Once the preliminary background information is delivered, the film settles into a nice sense of domesticity as Reed and Susan prepare for the baby’s imminent arrival in their own unique ways, Reed by delegating to his trusty robot H.E.R.B.I.E. his responsibilities as a soon to be father while running tests on his wife to make sure there are no abnormalities in the baby as a result of the cosmic radiation that changed their lives. Everything seems to be going according to plan until the Silver Surfer (Julie Garner) surfs her way to this parallel version of early 1960s Times Square and, like the Vogons in The Hitchhiker’s Guide to the Galaxy, announces that the planet will be demolished by the planet-hungry godlike mechanical entity Galactus (voiced by the magnificent Ralph Ineson).

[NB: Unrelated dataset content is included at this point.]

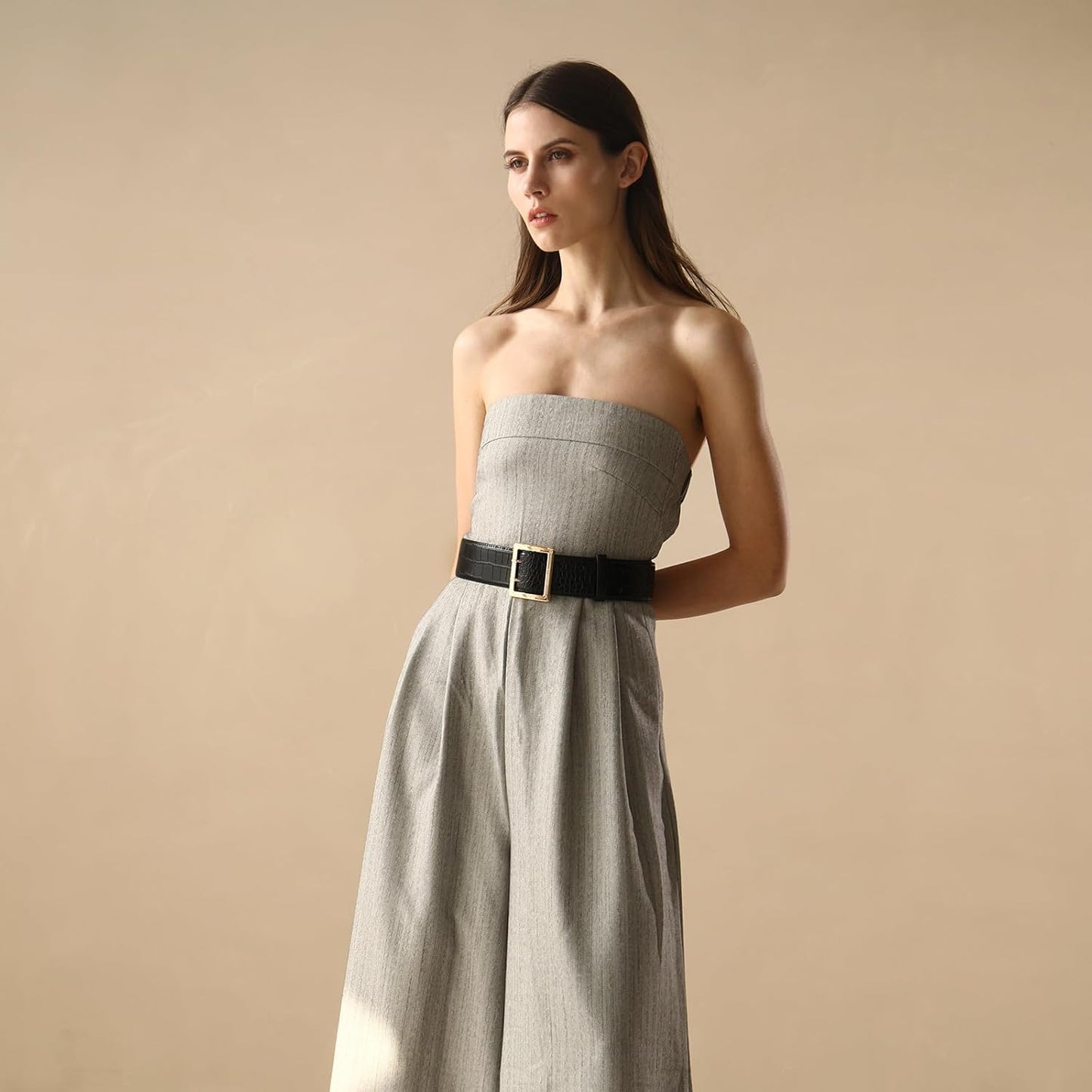 Wide Belts for Women Leather Wide Belts Fashion Thick Black Belt With Gold Buckle Belt for Dresses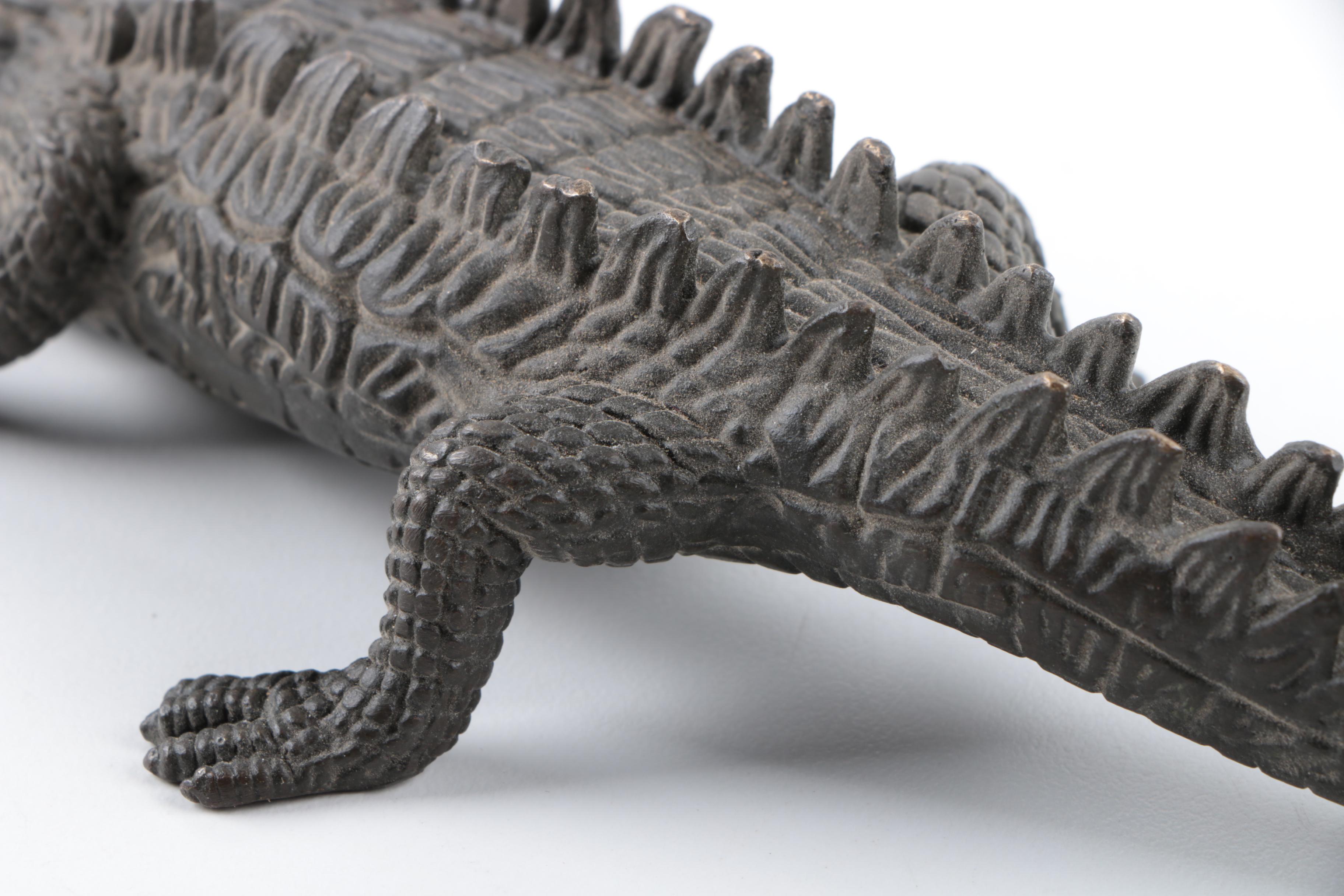 Cast Metal Crocodile Figurine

Tracing the Surfer’s origins to a series of planets destroyed by Galactus, the Four jump into their rocket ship and head towards that spot in hopes of negotiating with him. After Galactus’ scan detects hidden powers in the unborn's body, he makes them a counter-offer: the baby in exchange for leaving the planet alone. Galactus wants the future Franklin Richards to take over his planet-destroying business so he can finally rest in peace. Reed’s and Susan’s response paves the way to a suspenseful, rather psychedelic and at times rather comical outer space chase and childbirth sequence near a potential black hole, and to the moral crux of the film as soon as they make it back to Earth 828 in one piece. More, I won’t reveal; however, that quandary sets up some wonderful intimate scenes between Kirby and Pascal and another where Susan speaks as a mother to a crowd of critics.
True to its science-fictional roots, The Fantastic Four: First Steps focuses far more on problem-solving and the frustrations behind the right scientifically ethical solution than in beating the crap out of the enemy. We are presented, in the film’s second half, with a Reed Richards who doubts his own knowledge, his own scientific instincts, who, maybe for the first time in his career, feels out of his league. Even Johnny gets in on the game, overcoming the vain pretty boy cliché of past iterations of his character in actually figuring things out on his own as he deciphers the messages contained in signals sent from the destroyed planets. Ben may be doing most of the clobbering by the end of the film, but he also proves himself useful in other ways when it comes to implementing Reed’s plans. Again, brain AND brawn. Ben also seems to be far more comfortable in his own body than past film versions of the character.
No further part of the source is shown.